I suppose we do want to know metrics around how many RPCs are required to serve the request, especially when those include additional RPCs like system RPCs, which may not always be required. But those are more difficult to instrument, and so we are choosing to instrument mutation planning, only because it's a top-level "span" and we don't need to plumb the instrumentation all the way down through the code?

d-c-manning avatar Feb 19 '25 00:02 d-c-manning

1 ms was important for a huge time taken? How huge was the huge time?

Extra 1ms was spent in every executeUpdate() call and a user was trying to insert 2M rows so, it ended up taking ~26 mins while if we remove that 1ms from executeUpdate() then 2M rows can be inserted within 24-25 secs. And, the intention was to ultimately insert 40M rows which would shown regression in hrs. The extra 1ms was being taken to get table metadata from SYSCAT.

Did the 1 ms include any metadata RPCs, and if so, should the metric be captured specifically for calls to SYSTEM.CATALOG or meta or something similar? In this way, we need not spend cycles measuring local work that is expected to be fast.

The extra 1ms did come from time spent in call to SYSCAT to get table metadata and we can add a metric to specifically tell us if call to SYSCAT RS was done or not. But in my opinion a regression can be introduced in these paths at any time. This time the regression was extra metadata call but next time it can be something else. So, I think we can capture the time taken by stages to ensure that each stage is behaving as expected.

Is this metric/log only going to be useful in the cases where we send RPCs, or do we think that we really are spending a lot of time locally in planning, without any network calls?

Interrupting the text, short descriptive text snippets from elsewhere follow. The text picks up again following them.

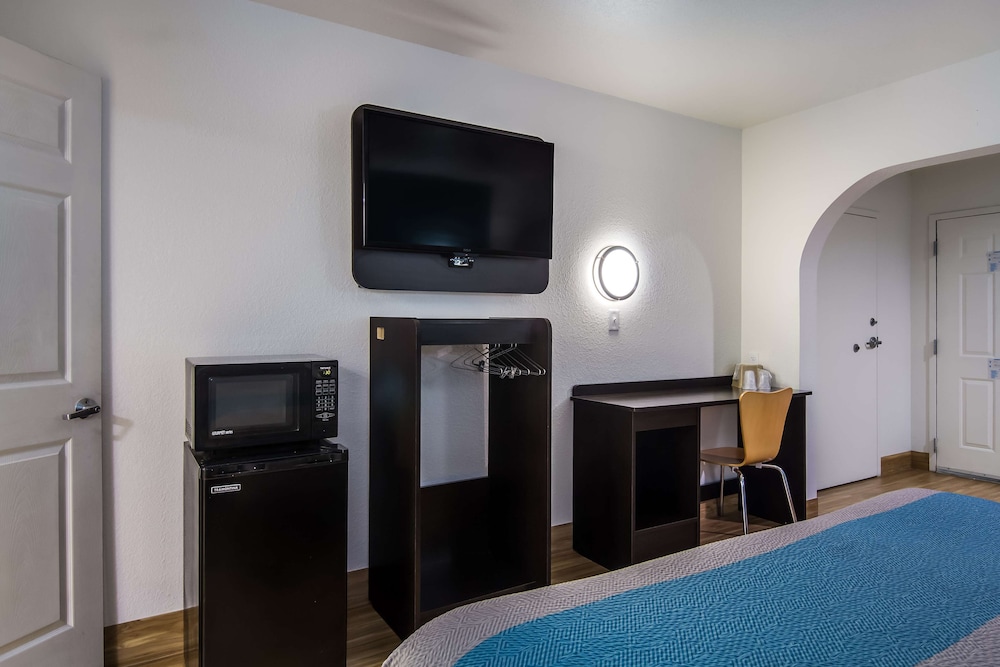 Deluxe Room, 1 King Bed, Non Smoking, Refrigerator & Microwave - Photo 3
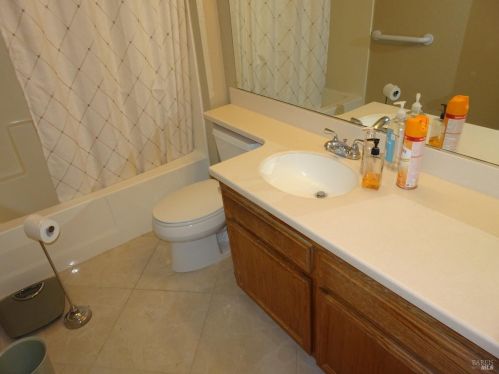 195 Bighorn Ct, Vacaville CA  95687-3438 exterior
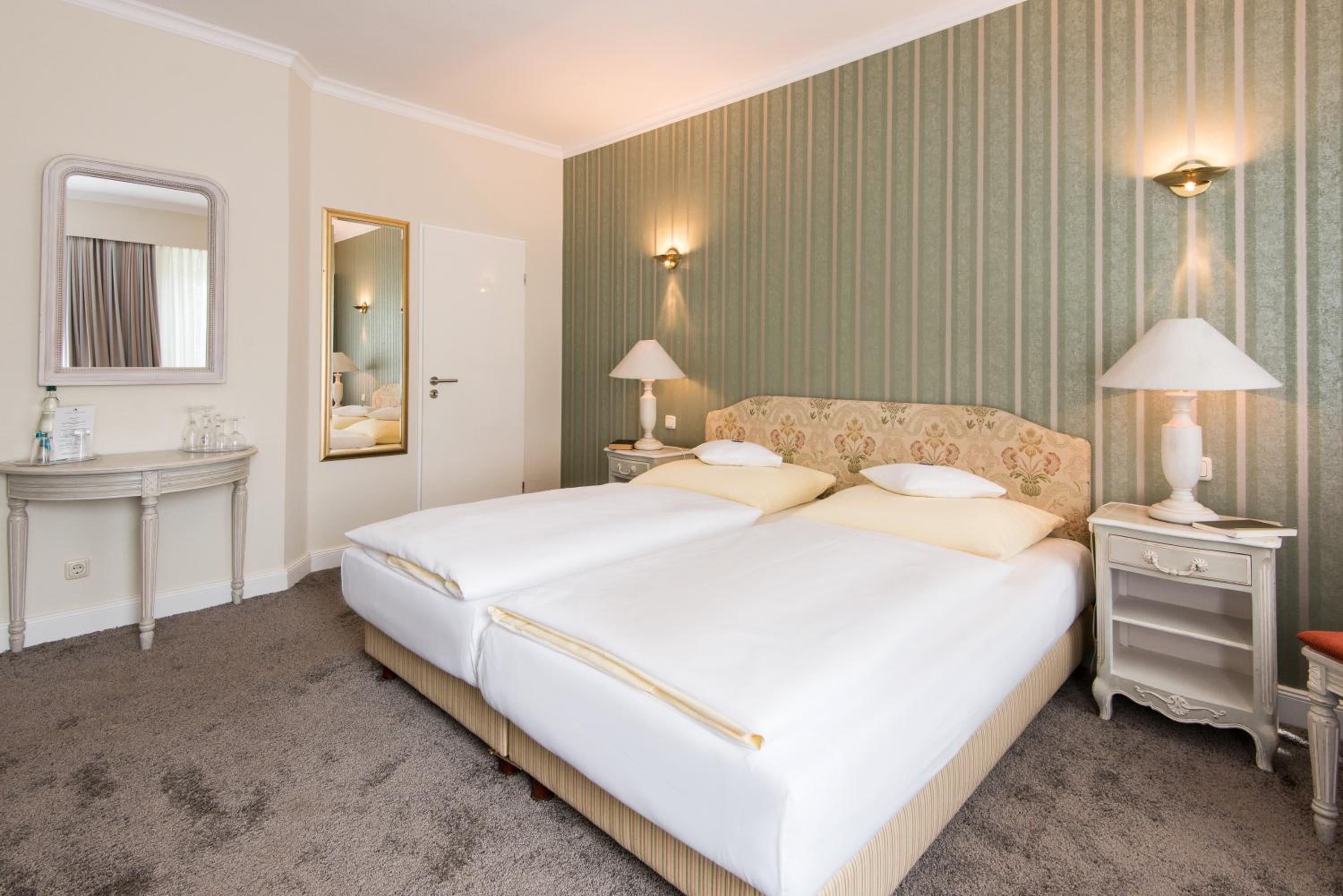 Standard Double Room - Photo 4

I believe this metric can help us highlight any future regressions introduced in the path of mutation planning as this time the first task was to confirm that a regression has been introduced. Currently, because of lack of metrics for mutation planning stages we can't even tell if a regression has been introduced.

Any JVM pause for GC or otherwise could likely last longer than 0.5 milliseconds, so the log message, if that's the choice, shouldn't be misleading that it is some kind of error or egregious performance scenario.

Yeah, I plan to log a generic warning message that mutation planning took x time compared to some expected y threshold and I also plan to make that threshold configurable on client side via a config.

I suppose we do want to know metrics around how many RPCs are required to serve the request, especially when those include additional RPCs like system RPCs, which may not always be required. But those are more difficult to instrument, and so we are choosing to instrument mutation planning, only because it's a top-level "span" and we don't need to plumb the instrumentation all the way down through the code?

Actually, I didn't think of adding a metric to measure if RPC call is being done to SYSCAT to get metadata as my aim was to have a way to tell in future that regression has been introduced in mutation planning stage as its a very hot method call. Having such a metric to measure if RPC call was done to SYSCAT RS can help quickly root cause. So, once we know that a regression has been introduced in mutation planning then we can check such metric to quickly root cause. WDYT?

sanjeet006py avatar Feb 24 '25 09:02 sanjeet006py

Makes sense to me. But then if this is a heavily used code path, isn't a metric a better choice than a log? It sounds like you would want a threshold that is <1 ms, but that threshold can be exceeded on a JVM pause, or on any RPC call. It will be noisy, but it sounds like if it's much greater than 1ms, then it won't be useful to you. I understand there was some regression that had more metadata RPC calls than expected... but that it will still be normal for the occasional plan to require a metadata RPC. And if so, that wouldn't necessarily be a problem that deserves a log? Would the metric be sufficient then? Maybe I misunderstand the value we get from the log vs. the metric. CC @tkhurana

d-c-manning avatar Feb 25 '25 06:02 d-c-manning